Building A Better . . . Hadoop Cluster

It you like technology, and you must because you are reading The Next Platform, then you probably like the idea of putting together the specs of a system and fitting it to a particular workload. This is the challenging bit when it comes to any technology, because no one wants to underprovision or overprovision the machine because that means wasting money. Sometimes lots and lots of money. Enough to take a lot of the fun out of the experience, in fact.

One of the things we want to do with this publication is learn how people tackle such problems, how they can think outside of the box (so to speak) and perhaps build a better mousetrap. System architects have to be aware of so many types of hardware and software options when they design their systems, which makes this quite a challenge. But it is one that IT shops face every day. And by system we do not just mean a server, but a platform, meaning servers that do the computing and the networks, storage, operating systems. and other systems software that makes it suitable for running a particular application. There are experts out there who know things about workloads and the systems that support them well, and we intend to find them and learn from their experience so you can as well.

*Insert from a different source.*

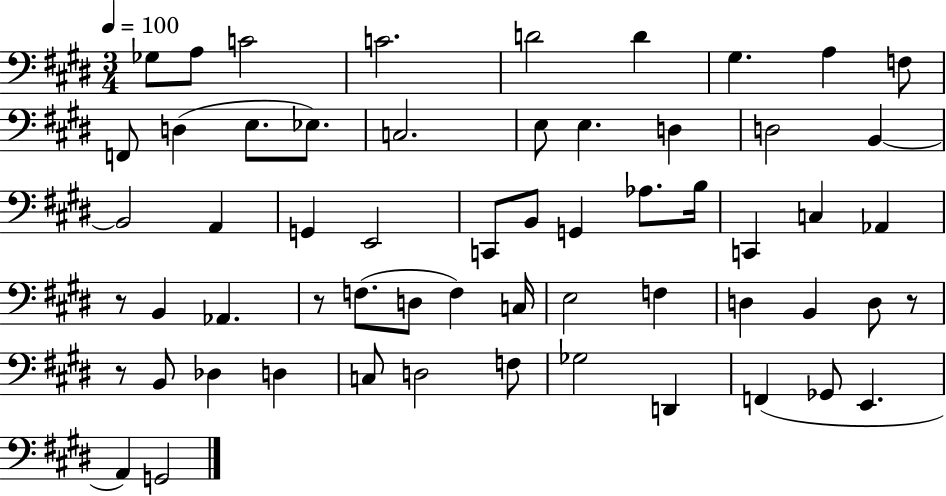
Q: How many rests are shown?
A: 4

We got to talking with Joseph George, executive director of big data solutions and hyperscale servers at Hewlett-Packard, as part of the company’s Apollo 2000 and Apollo 4000 launch back in May, about this Building A Better series of articles, and as it turns out, HP had just completed a new reference architecture for a Hadoop cluster that mixed its Moonshot microservers for compute and storage-heavy ProLiant SL4540 and Apollo 4510 series for storage. The machines are linked through 40 Gb/sec Ethernet switching. Most people probably find reference architectures a little tedious, but we here at The Next Platform think the devil is always in the details, and we study these things whenever we can to try to gain some insight into how the experts think a software stack and its hardware should be put together.

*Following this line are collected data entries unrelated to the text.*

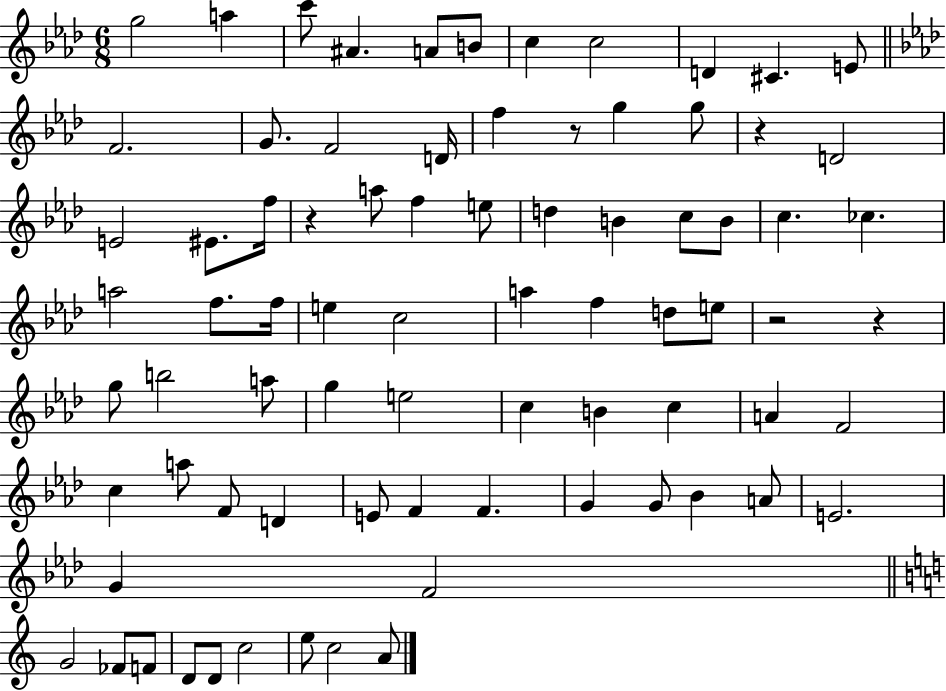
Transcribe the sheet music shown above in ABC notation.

X:1
T:Untitled
M:6/8
L:1/4
K:Ab
g2 a c'/2 ^A A/2 B/2 c c2 D ^C E/2 F2 G/2 F2 D/4 f z/2 g g/2 z D2 E2 ^E/2 f/4 z a/2 f e/2 d B c/2 B/2 c _c a2 f/2 f/4 e c2 a f d/2 e/2 z2 z g/2 b2 a/2 g e2 c B c A F2 c a/2 F/2 D E/2 F F G G/2 _B A/2 E2 G F2 G2 _F/2 F/2 D/2 D/2 c2 e/2 c2 A/2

The interesting bit to us was that HP has broken the linkage between compute and storage within a single node and across the cluster with its new Hadoop reference architecture, and that means that compute and storage can be scaled independently from each other.

Breaking The Symmetry

Hadoop was originally designed to put a lot of storage inside server nodes and then dispatch compute jobs to the nodes where the data that they needed to chew on was located. It would be a lot harder to do it the other way around, of course, because no network can move terabytes of data instantly. This was surprising, and so we came back to HP and set about to get not only an explanation of this, but also to take on the larger task of helping people understand how the rules of thumb for architecting a Hadoop cluster has changed considerably in the past five years as hardware has changed and as the Hadoop stack has evolved with Hive, SQL overlays, and Spark in-memory processing, just to name a few interesting bits of software.

“I think that when we first all started with Hadoop, with general purpose servers with a balance of compute and storage was the simplest way to go about this. But what we are finding is that when you take Hadoop and start applying it to practical workloads, there are some cases where you want to apply more compute horsepower and there are other places where you want to deviate on the storage.”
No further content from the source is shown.